Work request:
In this exercise, the entries below include pictures. Repeat exactly the lines from the line with "Question 26 —" to the line with "Sequins Open Back", including both, but without the pictures.

Material for this task:

-----

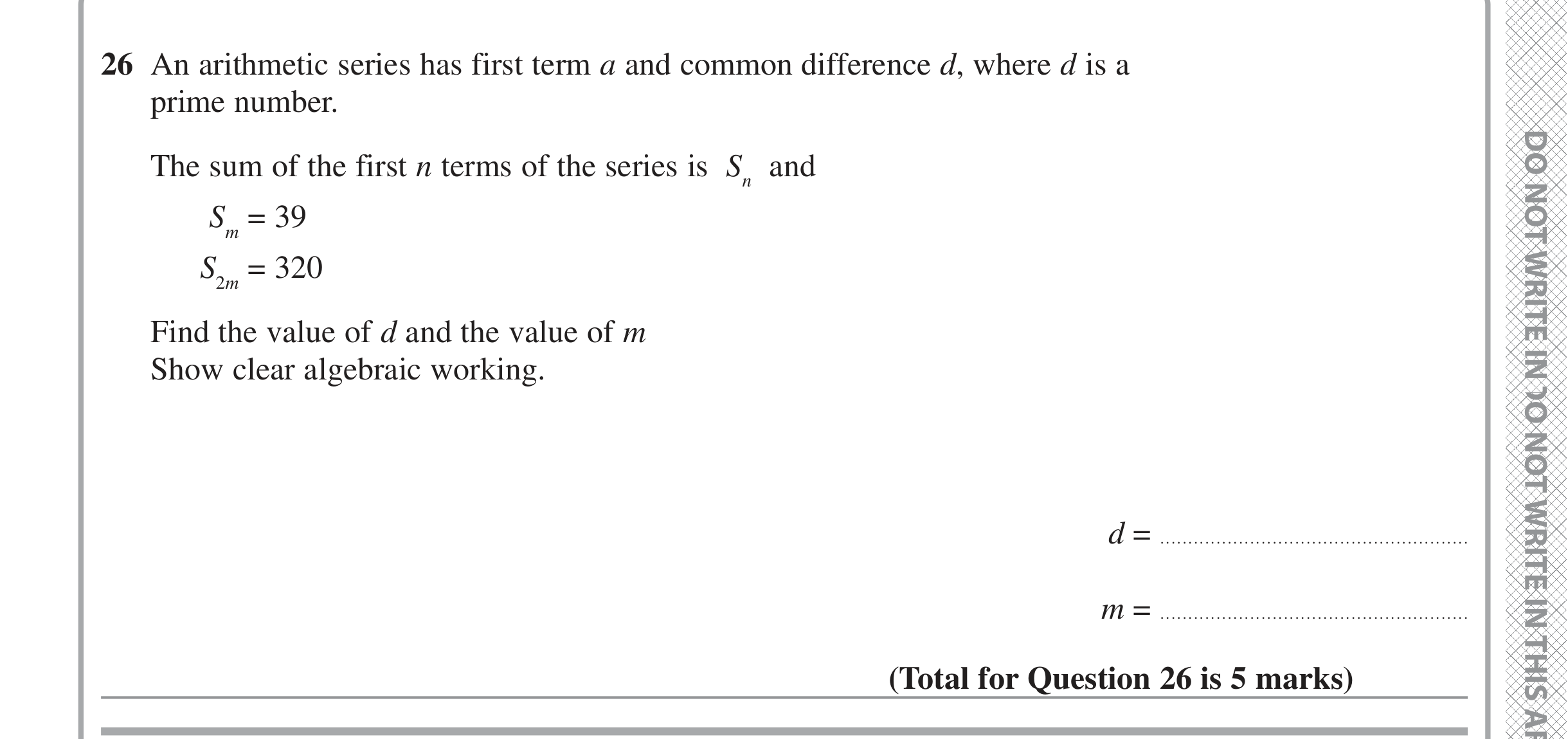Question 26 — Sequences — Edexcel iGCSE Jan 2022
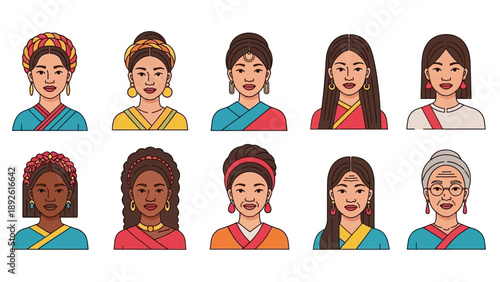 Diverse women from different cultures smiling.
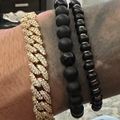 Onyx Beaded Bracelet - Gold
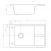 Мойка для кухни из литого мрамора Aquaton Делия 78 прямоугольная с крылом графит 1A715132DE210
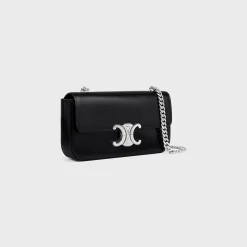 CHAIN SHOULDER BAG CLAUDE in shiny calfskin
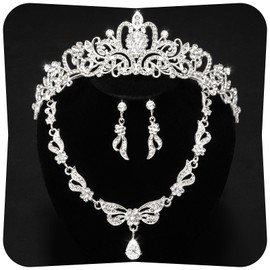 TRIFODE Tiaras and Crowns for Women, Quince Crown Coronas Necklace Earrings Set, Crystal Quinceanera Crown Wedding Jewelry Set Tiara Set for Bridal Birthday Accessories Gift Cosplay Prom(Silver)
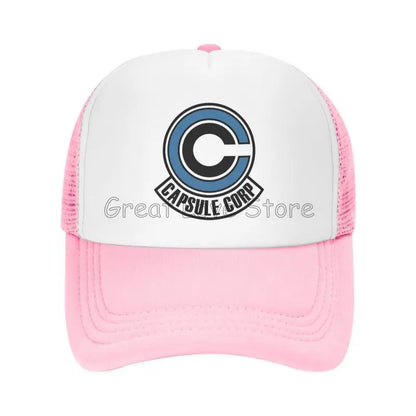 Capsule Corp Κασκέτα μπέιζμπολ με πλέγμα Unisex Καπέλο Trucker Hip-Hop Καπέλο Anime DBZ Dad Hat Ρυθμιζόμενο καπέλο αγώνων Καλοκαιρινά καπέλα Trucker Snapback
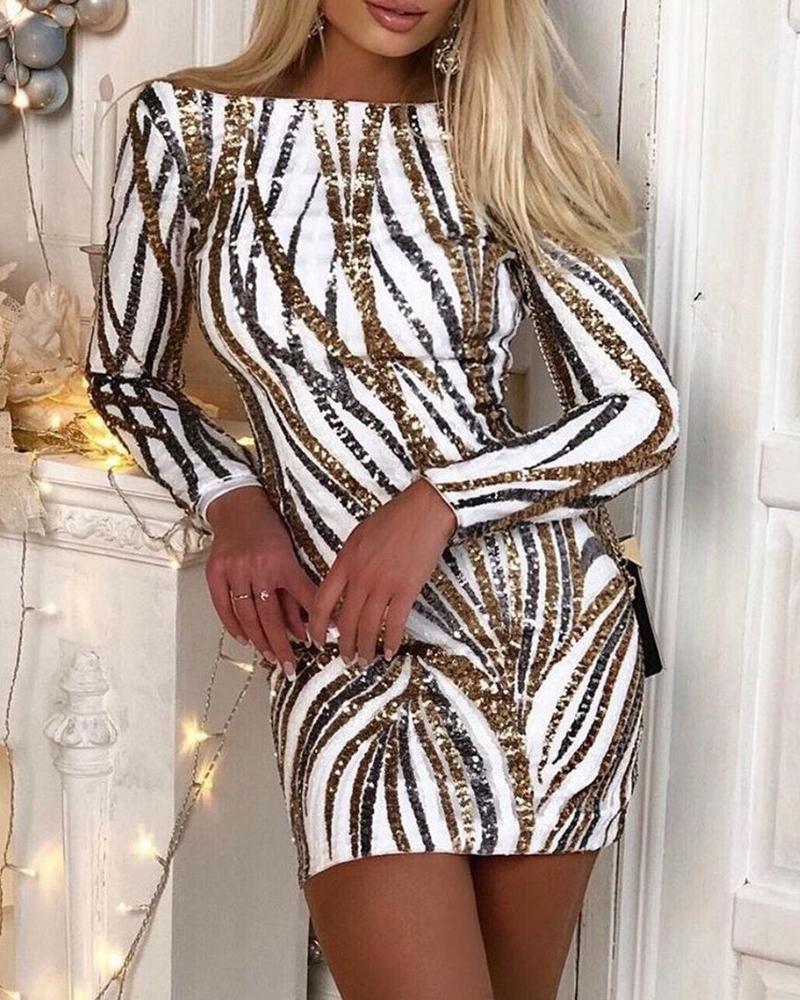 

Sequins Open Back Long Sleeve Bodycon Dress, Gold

-----

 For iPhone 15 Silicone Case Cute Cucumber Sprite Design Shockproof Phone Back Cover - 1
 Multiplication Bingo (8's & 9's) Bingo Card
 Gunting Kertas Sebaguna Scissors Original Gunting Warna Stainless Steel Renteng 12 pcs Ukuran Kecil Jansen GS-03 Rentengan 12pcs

-----

Exercise response:
Question 26 — Sequences — Edexcel iGCSE Jan 2022
 Diverse women from different cultures smiling.
 Onyx Beaded Bracelet - Gold
 Мойка для кухни из литого мрамора Aquaton Делия 78 прямоугольная с крылом графит 1A715132DE210
 CHAIN SHOULDER BAG CLAUDE in shiny calfskin
 TRIFODE Tiaras and Crowns for Women, Quince Crown Coronas Necklace Earrings Set, Crystal Quinceanera Crown Wedding Jewelry Set Tiara Set for Bridal Birthday Accessories Gift Cosplay Prom(Silver)
 Capsule Corp Κασκέτα μπέιζμπολ με πλέγμα Unisex Καπέλο Trucker Hip-Hop Καπέλο Anime DBZ Dad Hat Ρυθμιζόμενο καπέλο αγώνων Καλοκαιρινά καπέλα Trucker Snapback

Sequins Open Back Long Sleeve Bodycon Dress, Gold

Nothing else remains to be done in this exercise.